(Exercise prompt): What is the number of lines in the records below holding the string "Print"? Reply with it and nothing else.

(Data for processing):
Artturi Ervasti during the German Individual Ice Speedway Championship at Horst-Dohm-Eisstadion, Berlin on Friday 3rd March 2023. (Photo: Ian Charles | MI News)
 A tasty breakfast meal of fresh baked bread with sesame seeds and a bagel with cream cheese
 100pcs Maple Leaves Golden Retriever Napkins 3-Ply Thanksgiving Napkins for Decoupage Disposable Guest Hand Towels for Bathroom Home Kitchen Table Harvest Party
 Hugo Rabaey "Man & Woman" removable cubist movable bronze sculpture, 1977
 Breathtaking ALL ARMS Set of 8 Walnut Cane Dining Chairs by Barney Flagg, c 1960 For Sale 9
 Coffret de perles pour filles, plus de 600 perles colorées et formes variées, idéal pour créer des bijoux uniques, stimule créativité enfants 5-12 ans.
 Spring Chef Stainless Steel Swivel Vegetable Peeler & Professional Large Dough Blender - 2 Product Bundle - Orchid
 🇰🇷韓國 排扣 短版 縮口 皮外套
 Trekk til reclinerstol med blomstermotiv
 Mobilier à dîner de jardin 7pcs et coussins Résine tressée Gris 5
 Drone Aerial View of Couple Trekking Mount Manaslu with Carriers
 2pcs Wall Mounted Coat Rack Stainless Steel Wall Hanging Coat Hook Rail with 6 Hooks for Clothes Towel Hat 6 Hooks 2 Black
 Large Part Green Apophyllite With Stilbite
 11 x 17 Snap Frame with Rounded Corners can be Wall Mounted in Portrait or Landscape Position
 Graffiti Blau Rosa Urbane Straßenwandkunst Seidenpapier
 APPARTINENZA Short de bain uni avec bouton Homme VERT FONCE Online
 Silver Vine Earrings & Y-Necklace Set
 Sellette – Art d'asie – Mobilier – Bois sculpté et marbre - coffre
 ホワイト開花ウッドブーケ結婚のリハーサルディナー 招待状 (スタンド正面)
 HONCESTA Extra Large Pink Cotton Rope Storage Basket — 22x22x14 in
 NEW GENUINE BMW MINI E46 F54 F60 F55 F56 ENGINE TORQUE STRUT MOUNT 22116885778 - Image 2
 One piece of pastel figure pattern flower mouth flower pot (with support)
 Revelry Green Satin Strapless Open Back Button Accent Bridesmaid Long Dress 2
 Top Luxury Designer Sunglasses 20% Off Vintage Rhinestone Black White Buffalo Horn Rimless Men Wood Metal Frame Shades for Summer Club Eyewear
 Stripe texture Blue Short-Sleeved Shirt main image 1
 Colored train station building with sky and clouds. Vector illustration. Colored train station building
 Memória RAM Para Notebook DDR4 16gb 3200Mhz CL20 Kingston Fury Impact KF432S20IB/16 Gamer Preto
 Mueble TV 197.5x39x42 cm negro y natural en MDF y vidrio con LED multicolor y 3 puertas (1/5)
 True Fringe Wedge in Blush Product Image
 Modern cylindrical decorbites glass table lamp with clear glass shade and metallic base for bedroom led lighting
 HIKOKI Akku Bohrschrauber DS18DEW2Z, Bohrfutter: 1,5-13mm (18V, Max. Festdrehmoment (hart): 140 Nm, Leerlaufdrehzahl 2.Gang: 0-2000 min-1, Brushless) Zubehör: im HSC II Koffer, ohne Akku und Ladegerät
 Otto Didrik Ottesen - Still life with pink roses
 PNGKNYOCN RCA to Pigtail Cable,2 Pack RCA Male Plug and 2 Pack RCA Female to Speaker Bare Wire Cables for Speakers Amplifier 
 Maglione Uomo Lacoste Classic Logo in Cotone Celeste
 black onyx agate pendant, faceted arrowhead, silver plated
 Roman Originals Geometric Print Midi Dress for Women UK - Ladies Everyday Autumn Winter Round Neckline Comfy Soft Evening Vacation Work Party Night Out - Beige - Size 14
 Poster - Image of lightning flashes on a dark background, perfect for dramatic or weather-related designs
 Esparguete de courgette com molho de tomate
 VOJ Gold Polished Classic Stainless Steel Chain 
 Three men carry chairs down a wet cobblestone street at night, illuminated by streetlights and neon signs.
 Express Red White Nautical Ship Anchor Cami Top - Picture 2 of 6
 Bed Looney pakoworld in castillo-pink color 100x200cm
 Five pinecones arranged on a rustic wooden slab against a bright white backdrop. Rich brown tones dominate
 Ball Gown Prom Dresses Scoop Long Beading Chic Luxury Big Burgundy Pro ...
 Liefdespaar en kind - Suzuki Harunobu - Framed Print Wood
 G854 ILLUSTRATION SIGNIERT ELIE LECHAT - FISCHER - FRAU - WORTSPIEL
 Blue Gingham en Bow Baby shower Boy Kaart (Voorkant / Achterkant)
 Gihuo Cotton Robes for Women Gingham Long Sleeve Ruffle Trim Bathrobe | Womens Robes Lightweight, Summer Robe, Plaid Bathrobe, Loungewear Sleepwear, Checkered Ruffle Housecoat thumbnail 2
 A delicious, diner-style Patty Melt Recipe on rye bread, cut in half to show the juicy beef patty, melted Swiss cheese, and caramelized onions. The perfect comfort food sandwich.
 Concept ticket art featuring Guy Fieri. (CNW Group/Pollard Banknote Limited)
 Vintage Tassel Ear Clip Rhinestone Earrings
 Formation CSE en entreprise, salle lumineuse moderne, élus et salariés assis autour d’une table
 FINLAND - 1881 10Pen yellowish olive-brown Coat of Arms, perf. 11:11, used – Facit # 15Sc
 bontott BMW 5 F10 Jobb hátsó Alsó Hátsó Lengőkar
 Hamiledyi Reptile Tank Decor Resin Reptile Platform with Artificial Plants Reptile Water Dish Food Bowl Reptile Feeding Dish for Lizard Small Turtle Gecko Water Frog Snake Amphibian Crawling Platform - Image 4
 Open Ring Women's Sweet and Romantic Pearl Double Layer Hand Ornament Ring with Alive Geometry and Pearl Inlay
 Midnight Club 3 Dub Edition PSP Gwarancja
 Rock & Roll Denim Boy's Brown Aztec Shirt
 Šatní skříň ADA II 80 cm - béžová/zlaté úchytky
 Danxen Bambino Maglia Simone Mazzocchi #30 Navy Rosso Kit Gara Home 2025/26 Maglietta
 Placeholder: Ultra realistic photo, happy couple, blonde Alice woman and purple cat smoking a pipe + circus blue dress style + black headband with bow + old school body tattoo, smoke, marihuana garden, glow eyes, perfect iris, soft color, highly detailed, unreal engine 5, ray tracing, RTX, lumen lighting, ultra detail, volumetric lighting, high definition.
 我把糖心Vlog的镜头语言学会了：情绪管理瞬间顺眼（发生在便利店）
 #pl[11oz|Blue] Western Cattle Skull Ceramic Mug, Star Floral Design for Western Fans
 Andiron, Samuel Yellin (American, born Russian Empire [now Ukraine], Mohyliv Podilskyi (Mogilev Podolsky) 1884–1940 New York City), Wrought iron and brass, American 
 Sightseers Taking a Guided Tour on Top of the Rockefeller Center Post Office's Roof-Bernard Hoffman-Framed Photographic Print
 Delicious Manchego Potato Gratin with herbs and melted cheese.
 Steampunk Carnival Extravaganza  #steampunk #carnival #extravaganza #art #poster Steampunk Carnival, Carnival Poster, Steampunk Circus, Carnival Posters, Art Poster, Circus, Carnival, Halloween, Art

(Answer box): 3